◆ EXERCISE DATA:
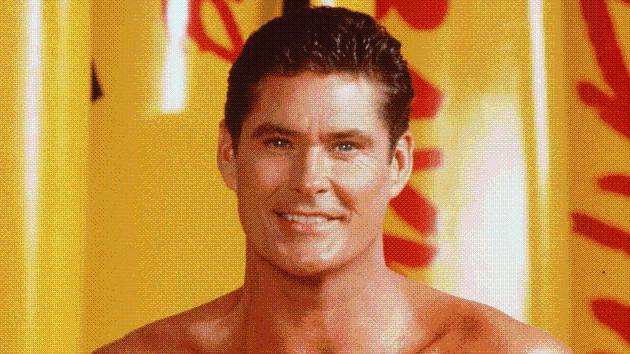 ‘Baywatch’ reboot coming to Fox during 2026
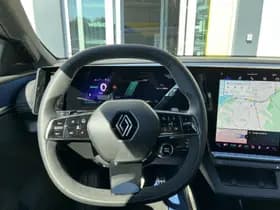 Renault Scénic thumbnail 3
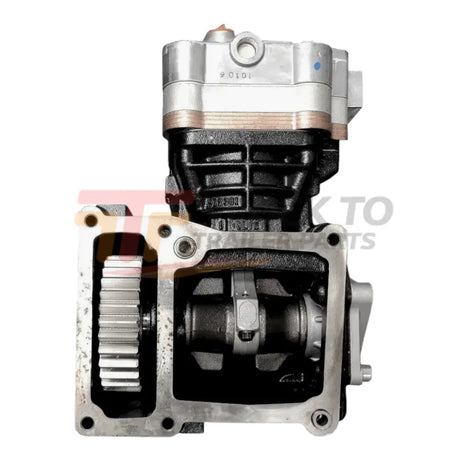 K044642BXW Genuine Paccar Air Compressor Ba-921 For Kenworth / Peterbilt - Truck To Trailer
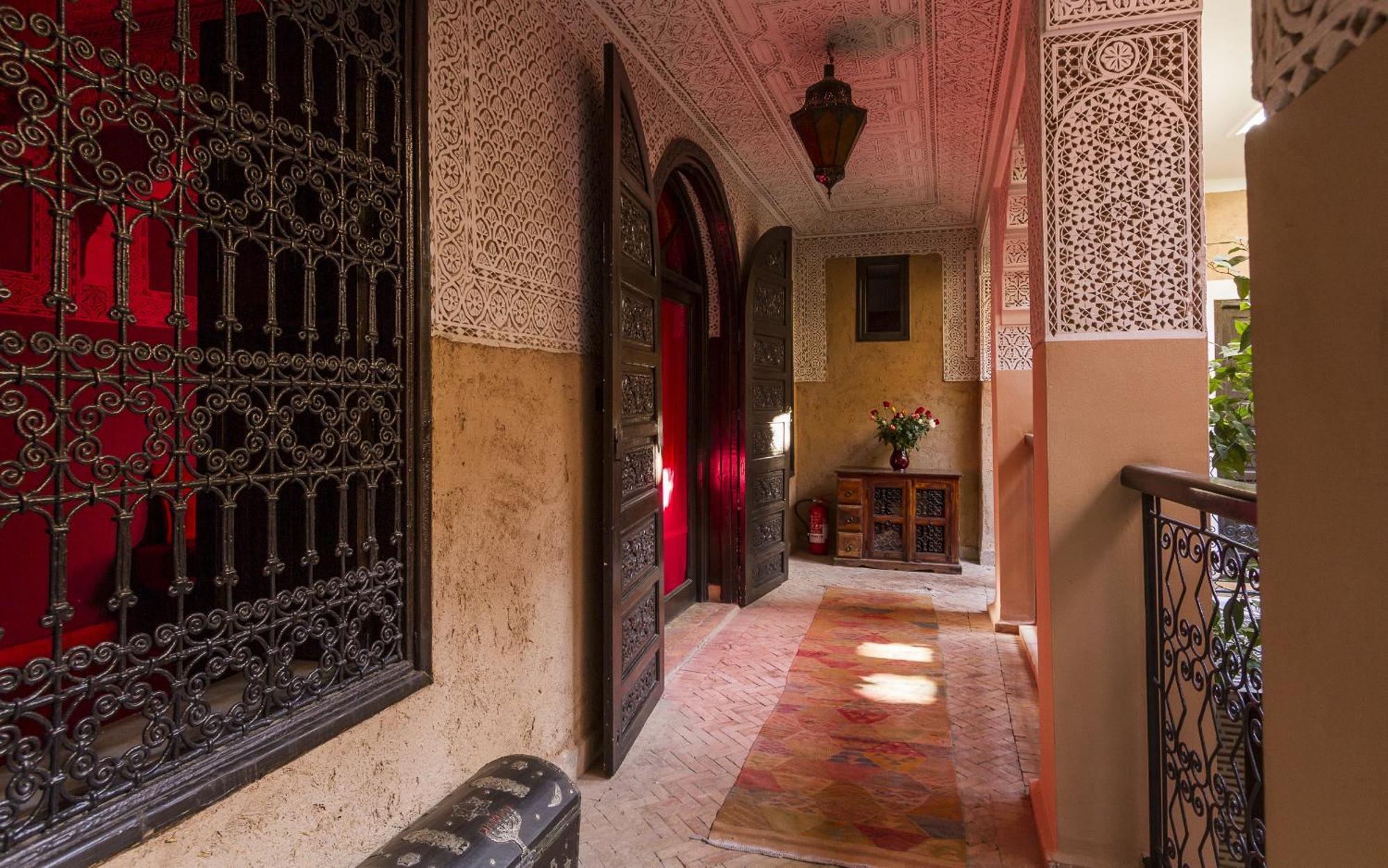 Guest house Maud Marrakesh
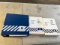 3- New Holland Tractor Manuals- as pictured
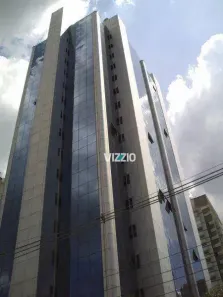 Sala Comercial para alugar, 360m² no Itaim Bibi, São Paulo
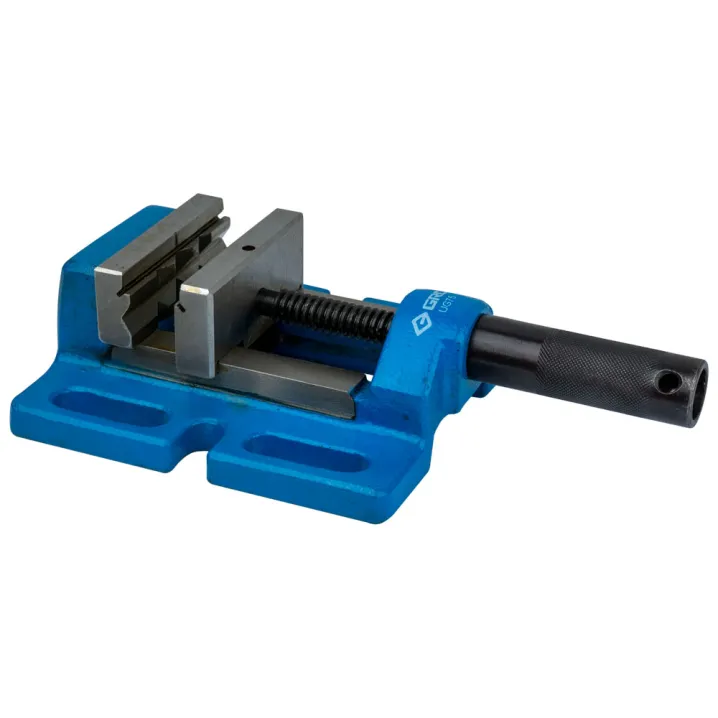 Groz Drill Press Vice 3in / 80mm Jaw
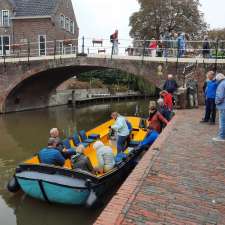 Vrijwilligersuitje 2025 Vrijwilligersuitje 2025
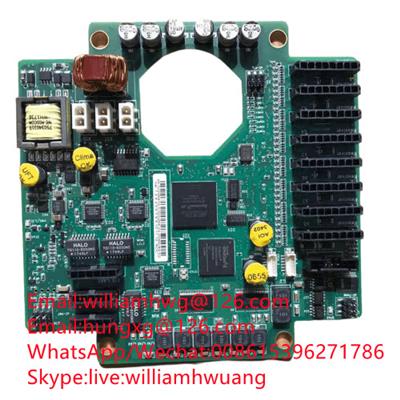 Circuit Board SDCS-CON-4 3ADT313900R1501 AGPS-11C SDCS-IOB-3 3BSE004086R1 6DD1601-0AE0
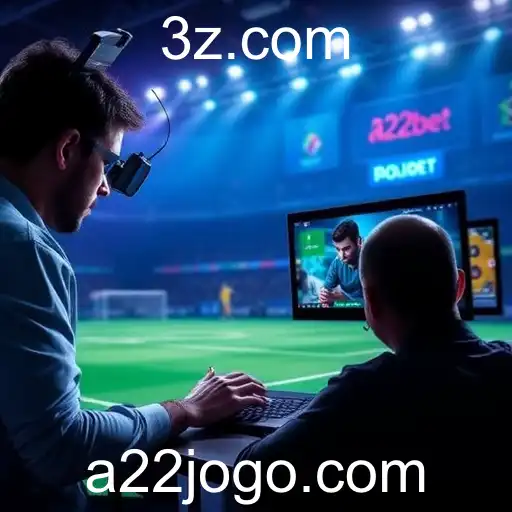 A Ascensão dos Sites de Jogos em 2026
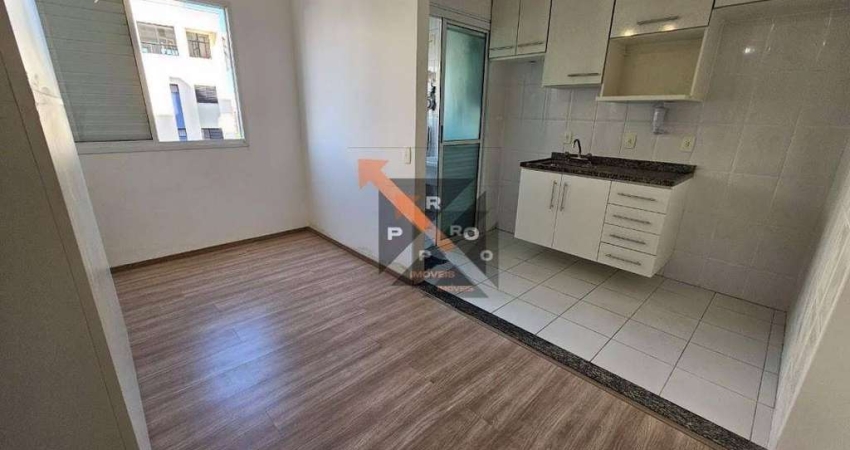 Stúdio ao lado do Metrô Tatuapé e do Shopping Boulevard! 30m² 1 quarto, sala , 1 banheiro 1 vaga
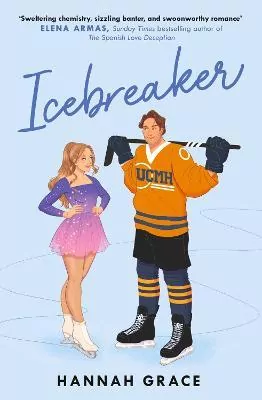 Icebreaker - tantis.pl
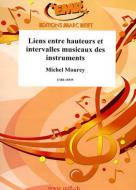 Liens entre hauteurs et intervalles musicaux Download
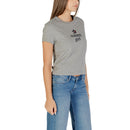 Tommy Hilfiger Jeans Tricou Femeie-3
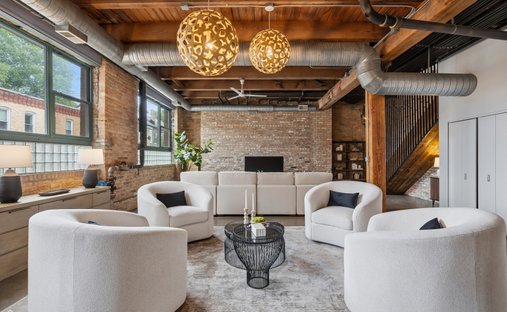 Condominio a Chicago, Illinois, Stati Uniti 1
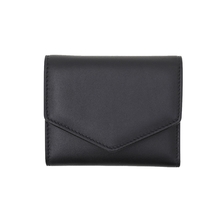 Maison Martin Margiela ZIP COMPACT TRI FOLD S56UI0136-P4985画像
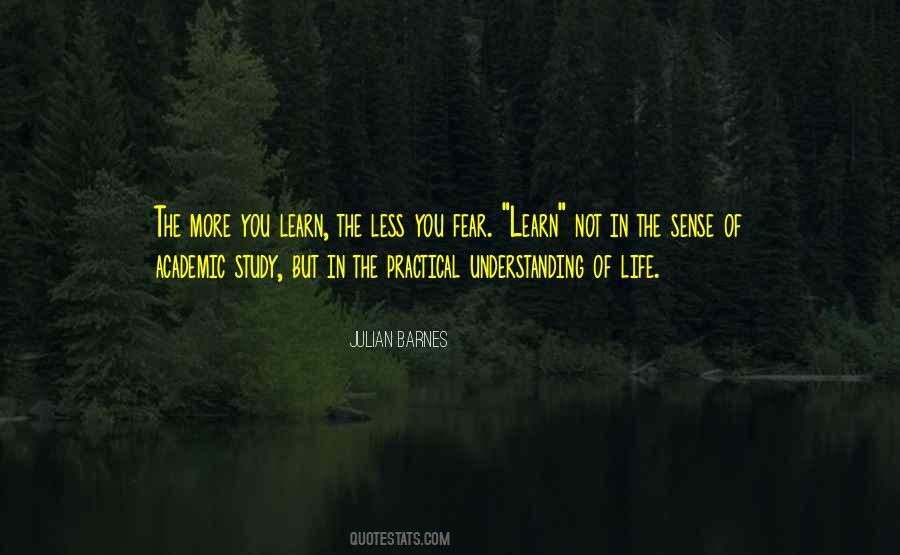 Julian Barnes Quotes #1678011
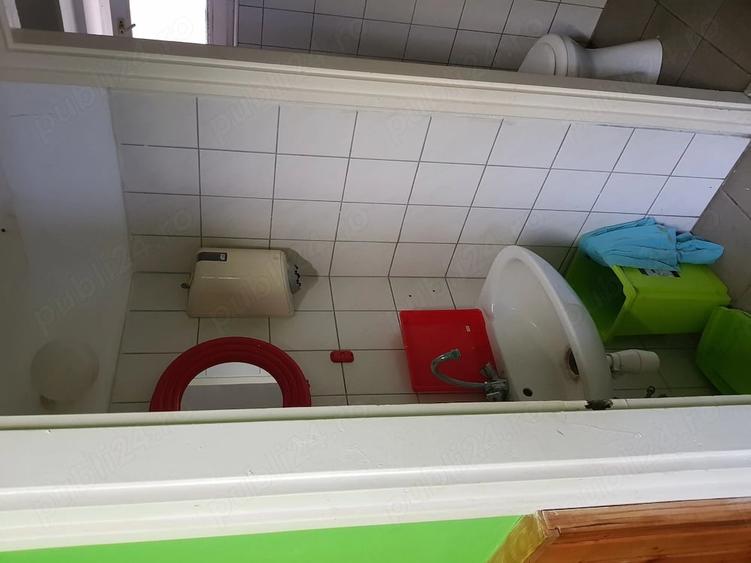Spațiu comercial, de 40 mp, în Central
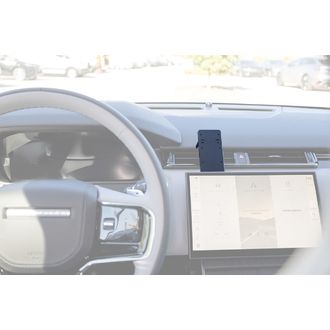 Монтажна скоба Brodit ProClip за Land Rover Range Rover Velar 24-25, за център
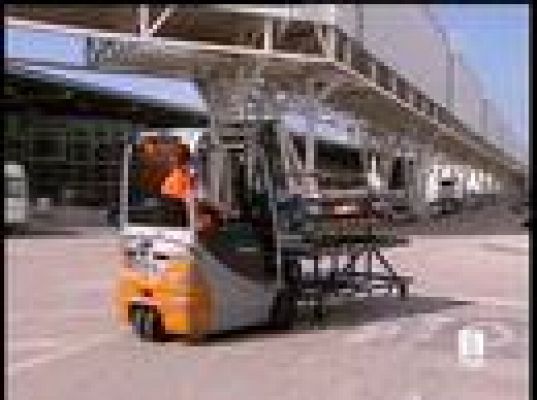  - Las fabricas de coches podrían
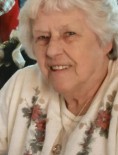 Margaret Power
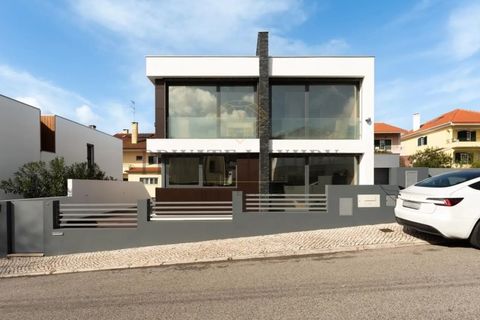 Villa a Oeiras, Lisbon, Oeiras - € 1.250.000 | Ref: 9202 - foto 3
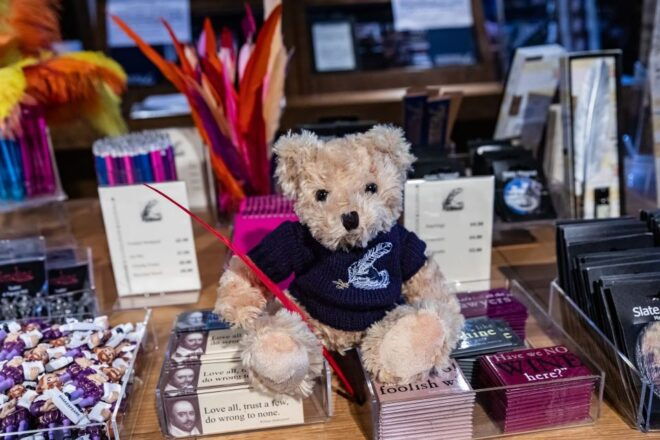Shakespeares Schoolroom and Guildhall Entrance Tickets - Additional Information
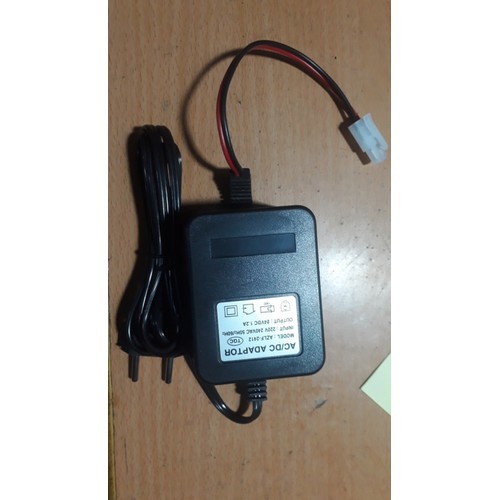 Nguồn máy lọc nước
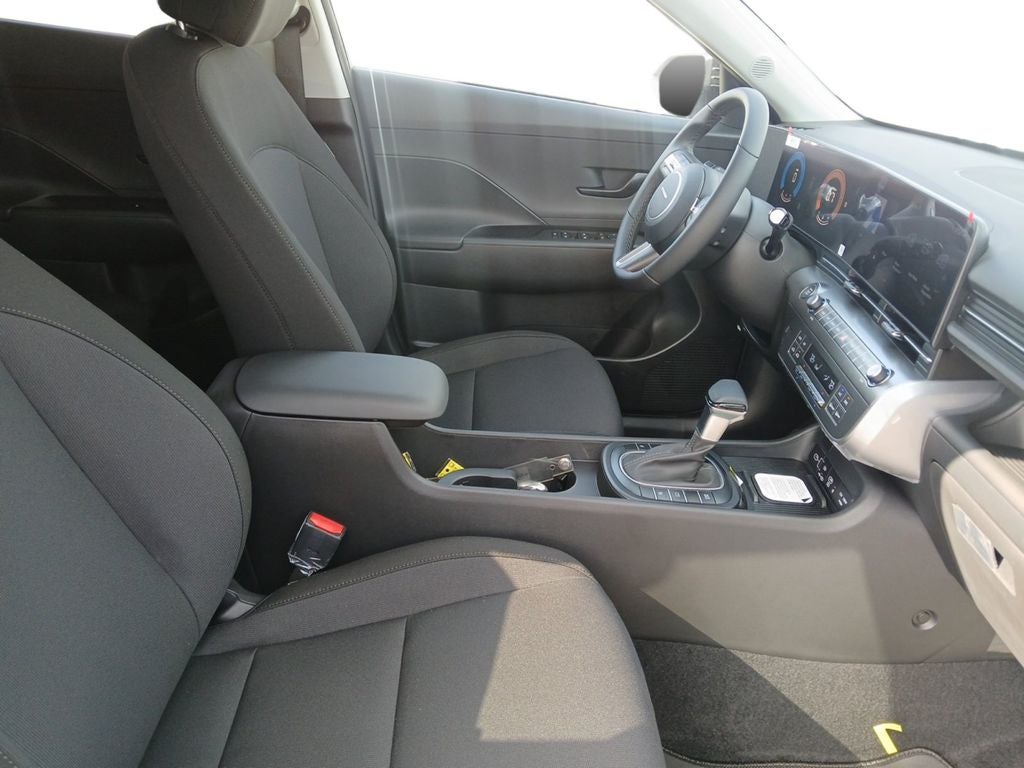 2027 Hyundai KONA SEL Sport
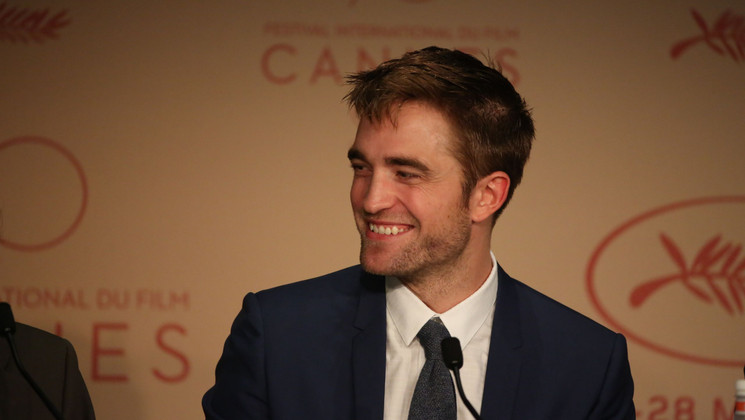 Robert Pattinson - Good Time © Mathilde Petit / FDC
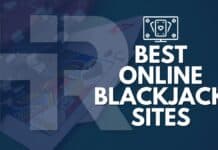 Best Online Blackjack Sites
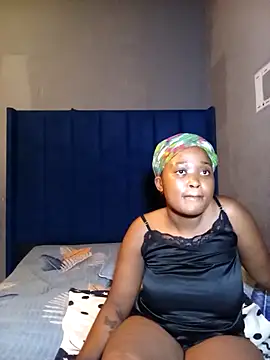 SexyShybarbie online show from 12-19-25, 05:59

◆ WHAT YOU ARE ASKED TO DO: Starting with the line that contains "Stúdio ao lado", print every line through the end of the data exactly as written; omit all pictures and add nothing else.

◆ TASK RESULT:
 Stúdio ao lado do Metrô Tatuapé e do Shopping Boulevard! 30m² 1 quarto, sala , 1 banheiro 1 vaga
 Icebreaker - tantis.pl
 Liens entre hauteurs et intervalles musicaux Download
 Tommy Hilfiger Jeans Tricou Femeie-3
 Condominio a Chicago, Illinois, Stati Uniti 1
 Maison Martin Margiela ZIP COMPACT TRI FOLD S56UI0136-P4985画像
 Julian Barnes Quotes #1678011
Spațiu comercial, de 40 mp, în Central
 Монтажна скоба Brodit ProClip за Land Rover Range Rover Velar 24-25, за център
  - Las fabricas de coches podrían
 Margaret Power
 Villa a Oeiras, Lisbon, Oeiras - € 1.250.000 | Ref: 9202 - foto 3
Shakespeares Schoolroom and Guildhall Entrance Tickets - Additional Information
 Nguồn máy lọc nước
 2027 Hyundai KONA SEL Sport
 Robert Pattinson - Good Time © Mathilde Petit / FDC
 Best Online Blackjack Sites
 SexyShybarbie online show from 12-19-25, 05:59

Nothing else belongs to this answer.